Copy out each line of the data holding "Navy".

[Opening GIVEN INFORMATION section]

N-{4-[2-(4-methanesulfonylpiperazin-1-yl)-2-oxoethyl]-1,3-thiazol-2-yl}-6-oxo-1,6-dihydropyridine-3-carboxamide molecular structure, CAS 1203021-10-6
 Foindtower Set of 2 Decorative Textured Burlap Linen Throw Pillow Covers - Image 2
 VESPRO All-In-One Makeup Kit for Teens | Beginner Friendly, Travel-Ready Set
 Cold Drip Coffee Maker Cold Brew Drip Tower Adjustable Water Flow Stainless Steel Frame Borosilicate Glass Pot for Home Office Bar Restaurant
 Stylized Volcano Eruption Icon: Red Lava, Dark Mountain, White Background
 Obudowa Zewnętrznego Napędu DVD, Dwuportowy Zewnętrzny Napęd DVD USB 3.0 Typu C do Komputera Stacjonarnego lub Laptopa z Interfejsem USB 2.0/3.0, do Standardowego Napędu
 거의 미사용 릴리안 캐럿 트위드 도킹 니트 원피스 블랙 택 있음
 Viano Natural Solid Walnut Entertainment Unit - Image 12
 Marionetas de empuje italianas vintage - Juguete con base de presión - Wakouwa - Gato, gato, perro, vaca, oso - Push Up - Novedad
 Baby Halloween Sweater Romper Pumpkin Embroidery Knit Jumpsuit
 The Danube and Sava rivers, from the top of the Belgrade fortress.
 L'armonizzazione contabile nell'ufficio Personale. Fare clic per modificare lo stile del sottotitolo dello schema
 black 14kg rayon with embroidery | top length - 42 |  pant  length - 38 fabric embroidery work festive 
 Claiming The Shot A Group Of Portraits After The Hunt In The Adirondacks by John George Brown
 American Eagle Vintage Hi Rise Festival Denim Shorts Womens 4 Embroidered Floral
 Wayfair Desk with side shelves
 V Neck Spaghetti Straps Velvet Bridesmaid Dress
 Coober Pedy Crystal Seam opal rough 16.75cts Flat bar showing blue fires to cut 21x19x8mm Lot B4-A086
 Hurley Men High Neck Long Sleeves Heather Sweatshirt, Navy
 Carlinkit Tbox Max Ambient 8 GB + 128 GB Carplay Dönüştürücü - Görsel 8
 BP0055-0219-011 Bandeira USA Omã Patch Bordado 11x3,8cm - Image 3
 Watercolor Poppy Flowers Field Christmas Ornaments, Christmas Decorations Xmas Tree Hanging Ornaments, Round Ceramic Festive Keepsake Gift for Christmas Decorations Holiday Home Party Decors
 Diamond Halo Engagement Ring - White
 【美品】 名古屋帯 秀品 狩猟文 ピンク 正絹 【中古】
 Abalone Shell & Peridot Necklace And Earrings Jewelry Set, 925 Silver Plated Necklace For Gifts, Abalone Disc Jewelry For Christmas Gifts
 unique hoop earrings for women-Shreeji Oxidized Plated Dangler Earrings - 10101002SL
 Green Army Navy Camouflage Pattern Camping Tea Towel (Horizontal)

[Closing GIVEN INFORMATION section]

- _EXERCISE RESPONSE_:
 Hurley Men High Neck Long Sleeves Heather Sweatshirt, Navy
 Green Army Navy Camouflage Pattern Camping Tea Towel (Horizontal)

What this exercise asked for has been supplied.